# Data for this exercise:
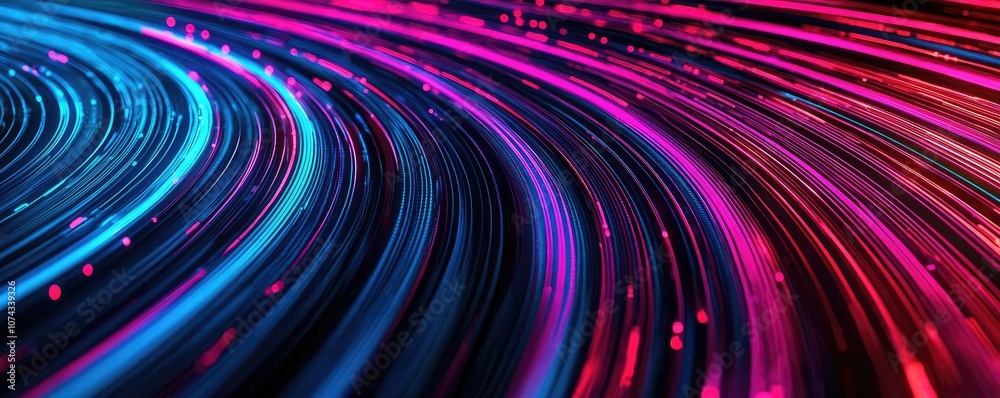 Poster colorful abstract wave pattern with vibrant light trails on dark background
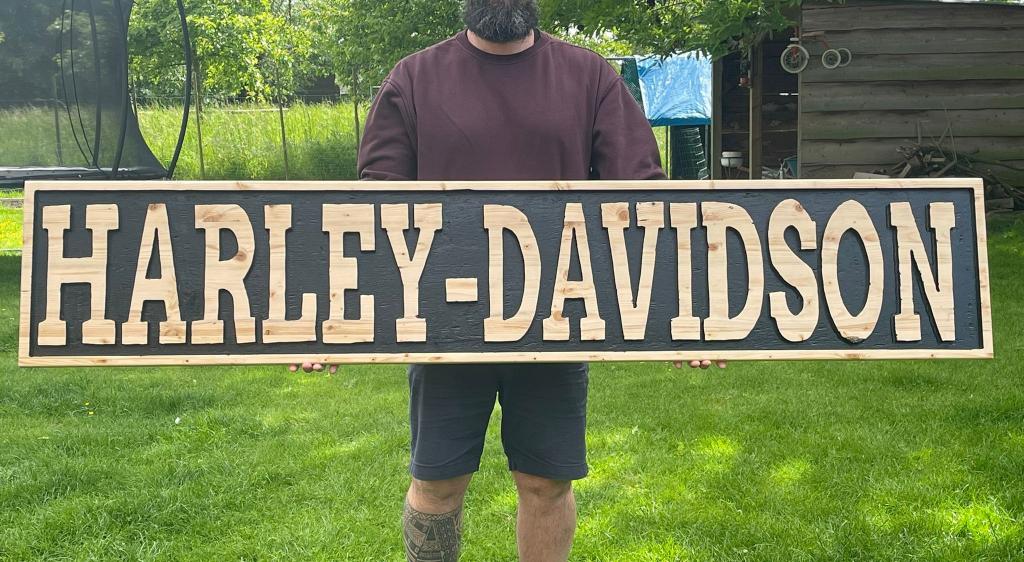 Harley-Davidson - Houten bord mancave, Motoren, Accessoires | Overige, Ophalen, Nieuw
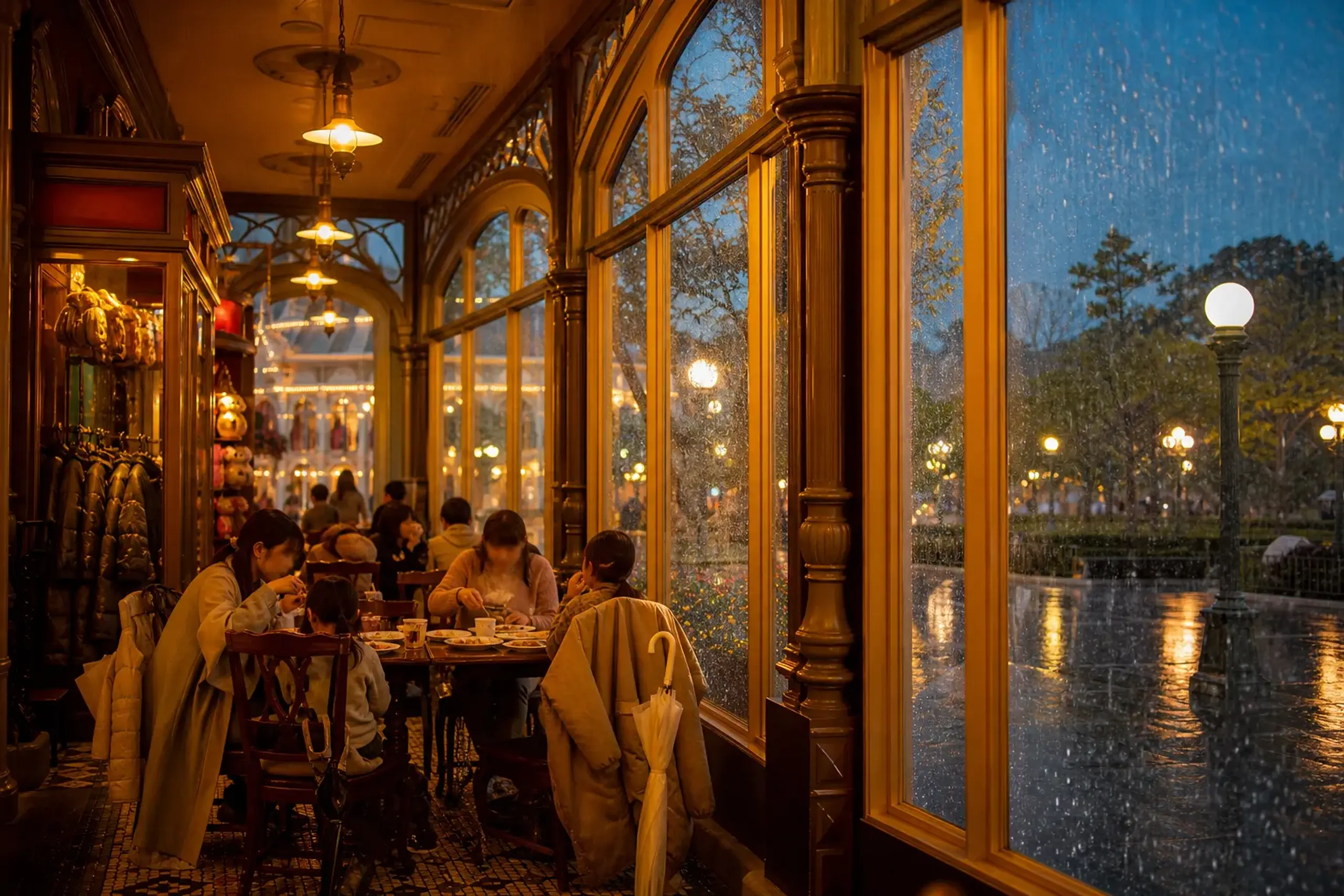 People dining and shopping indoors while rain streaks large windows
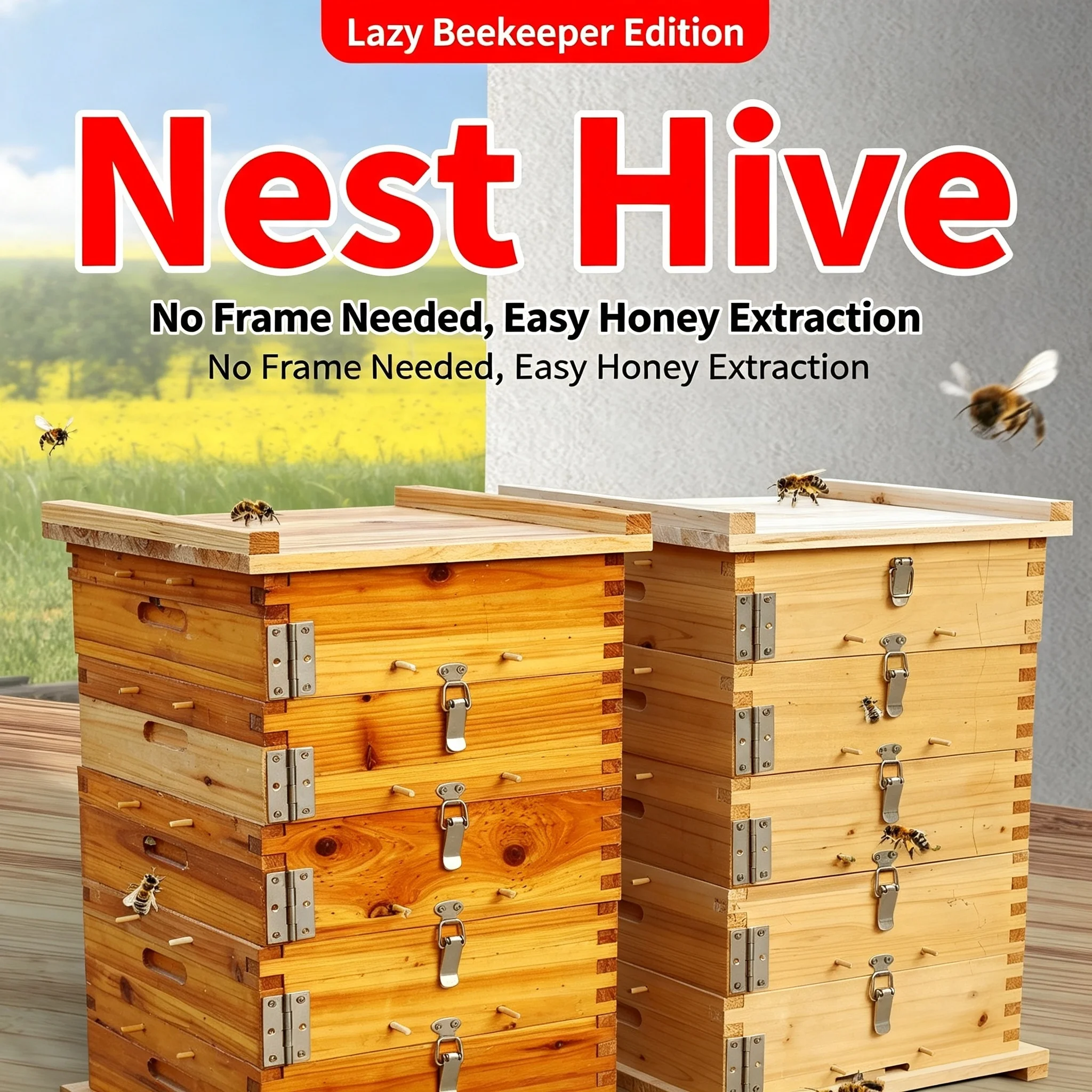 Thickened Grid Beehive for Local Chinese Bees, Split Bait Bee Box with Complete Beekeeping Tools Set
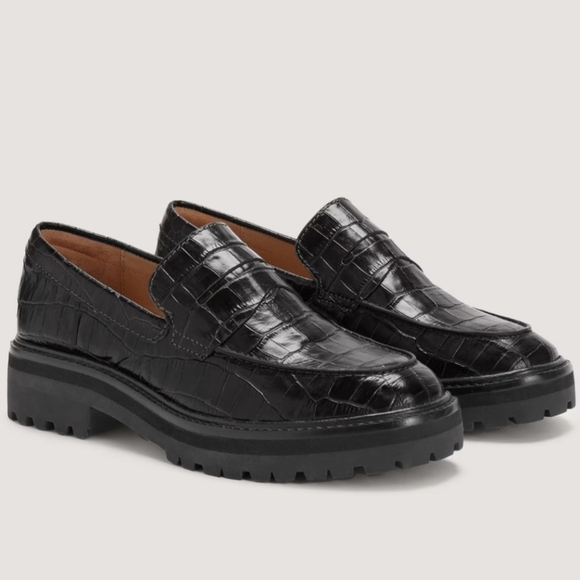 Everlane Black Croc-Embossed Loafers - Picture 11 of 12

---

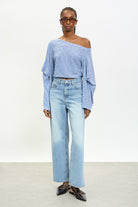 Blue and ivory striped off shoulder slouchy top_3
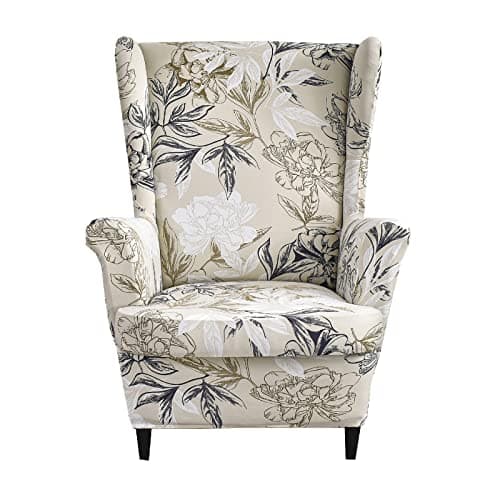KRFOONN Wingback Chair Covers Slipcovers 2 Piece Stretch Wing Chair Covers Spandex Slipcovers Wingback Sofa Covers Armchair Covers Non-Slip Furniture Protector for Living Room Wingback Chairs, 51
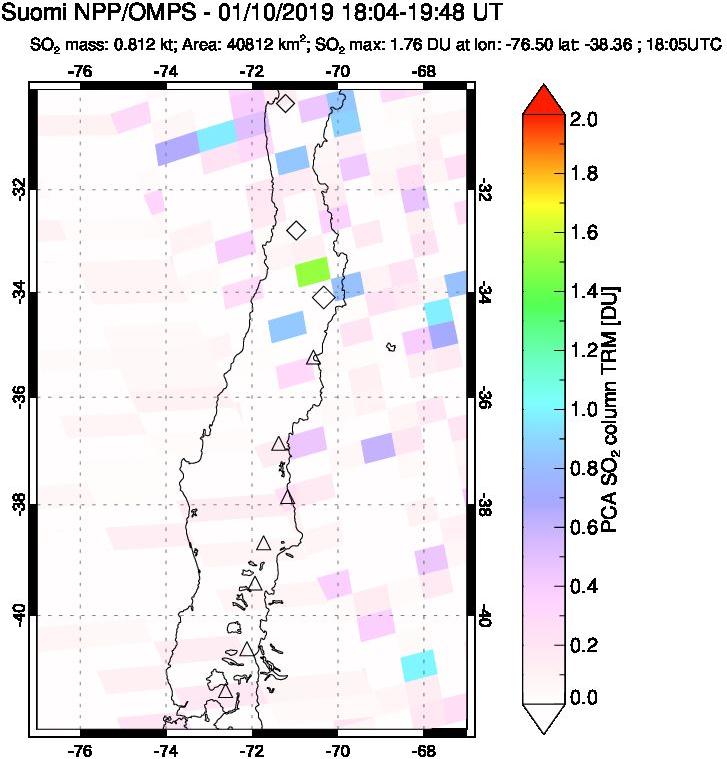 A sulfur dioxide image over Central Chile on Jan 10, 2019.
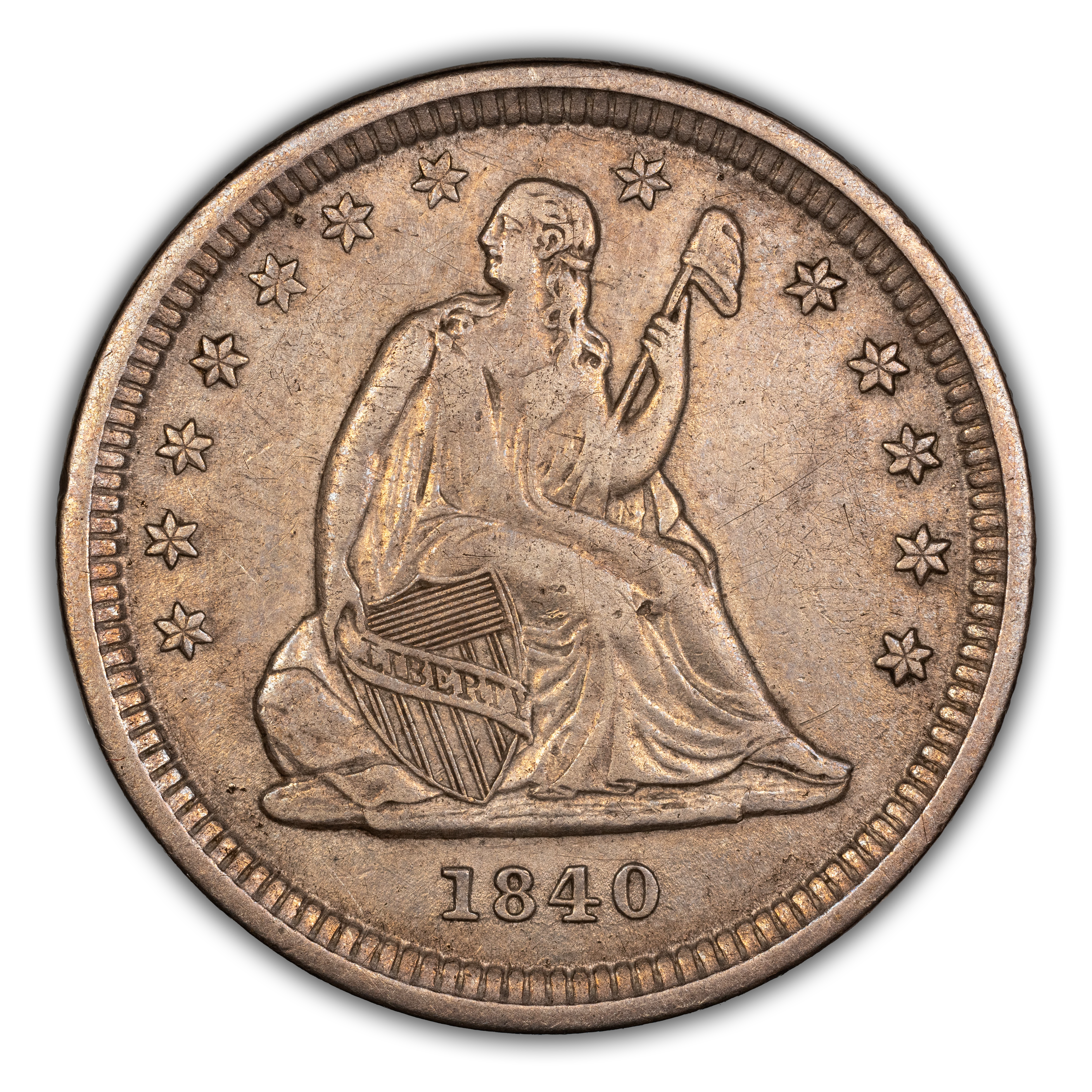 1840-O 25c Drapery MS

# Requirement:
Above are the records; restate exactly the lines from the one containing "KRFOONN Wingback Chair" through the one containing "1840-O 25c Drapery MS", keeping pictures out.

# Written reply:
KRFOONN Wingback Chair Covers Slipcovers 2 Piece Stretch Wing Chair Covers Spandex Slipcovers Wingback Sofa Covers Armchair Covers Non-Slip Furniture Protector for Living Room Wingback Chairs, 51
 A sulfur dioxide image over Central Chile on Jan 10, 2019.
 1840-O 25c Drapery MS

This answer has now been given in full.